Los ojos oscuros del alguacil se entrecerraron. —Tal vez, señora, usted sepa entonces...—. Le hizo un gesto hacia el ataúd vacío y ella vaciló, dando un paso hacia él. —Por favor, señora. Necesitamos saber a quién pertenecía este ataúd.

Fue entonces cuando lo comprendió. No había lápida, ni señal de ningún tipo. ¿Se había perdido o lo habían quitado?

Tomó aire mientras se acercaba al ataúd. Reconoció de inmediato el hermoso trabajo de su marido. El ataúd parecía fresco, la madera brillante aún relucía a pesar del barro que lo cubría. Se arrodilló en el barro y se ensució las faldas mientras palpaba el interior del ataúd. Un simple forro de lino, nada extravagante. El ataúd olía a aserrín y al taller de su marido, a tierra y madera.

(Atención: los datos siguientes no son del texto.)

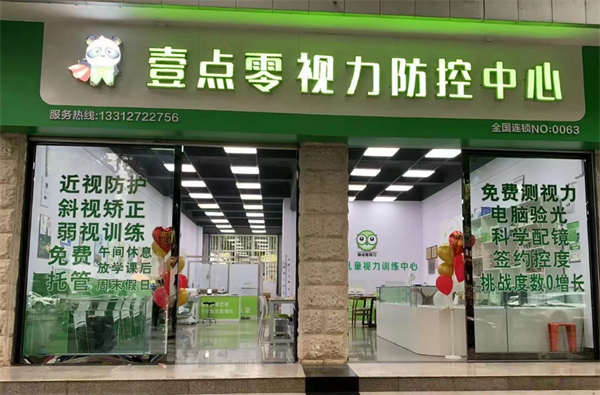 瞳明壹点零加盟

No había ni rastro de muerte en él.

Frunció el ceño mientras se acomodaba sobre el ataúd y sus manos exploraban el interior. No tenía sentido.

Sus dedos rozaron un pestillo y, sorprendida, tiró de él para abrirlo. Había un compartimento oculto bajo el lugar donde habría reposado la mano derecha. El compartimento era sencillo en su diseño y ejecución. No lo había diseñado ella.

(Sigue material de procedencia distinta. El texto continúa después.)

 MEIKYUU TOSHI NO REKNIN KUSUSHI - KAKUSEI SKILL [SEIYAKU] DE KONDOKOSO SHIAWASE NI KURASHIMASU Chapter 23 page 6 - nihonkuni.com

El espacio era poco profundo y estaba bien aislado, como si fuera necesario evitar que algo resonara en él. Sus dedos rozaron el forraje, pero no encontraron nada.

Se volvió hacia el alguacil, con el ceño profundamente fruncido. —¿Cuándo ocurrió esto?

Se aclaró la garganta. —Lo encontramos así esta mañana.

Se volvió hacia el ataúd. —¿Y no han enterrado a nadie en los últimos tres días?

Lo miró a tiempo de verle negar con la cabeza. Volvió a sentarse sobre sus talones, examinando de nuevo la escena que tenía delante. Sus ojos se dirigieron a la tapa del ataúd y frunció el ceño cuando un pequeño agujero captó la luz. Estiró la mano, cerró la tapa, y sí, allí, perfectamente oculto en un intrincado diseño de la parte delantera, había un pequeño agujero.

Era demasiado preciso para ser aleatorio, y sintió que su confusión aumentaba.

—¿Reconoce el ataúd, señora?

Volvió a mirar al alguacil. —Sí, aunque no sé para quién fue construido—. Se levantó y se quitó el barro de la falda. —¿No hay rastro de ningún cadáver?

El alguacil miró nervioso a la multitud. —No, señora.

Ella frunció el ceño. —Parece un ataúd para una mujer o un hombre bajo—, dijo al cabo de un momento.

El bigote del alguacil se crispó. —Gracias por su ayuda, señora.

Ella le miró. —Enviaré a mi esposo en cuanto llegue a casa—, prometió.

El alguacil soltó un suspiro de alivio. —Gracias, señora.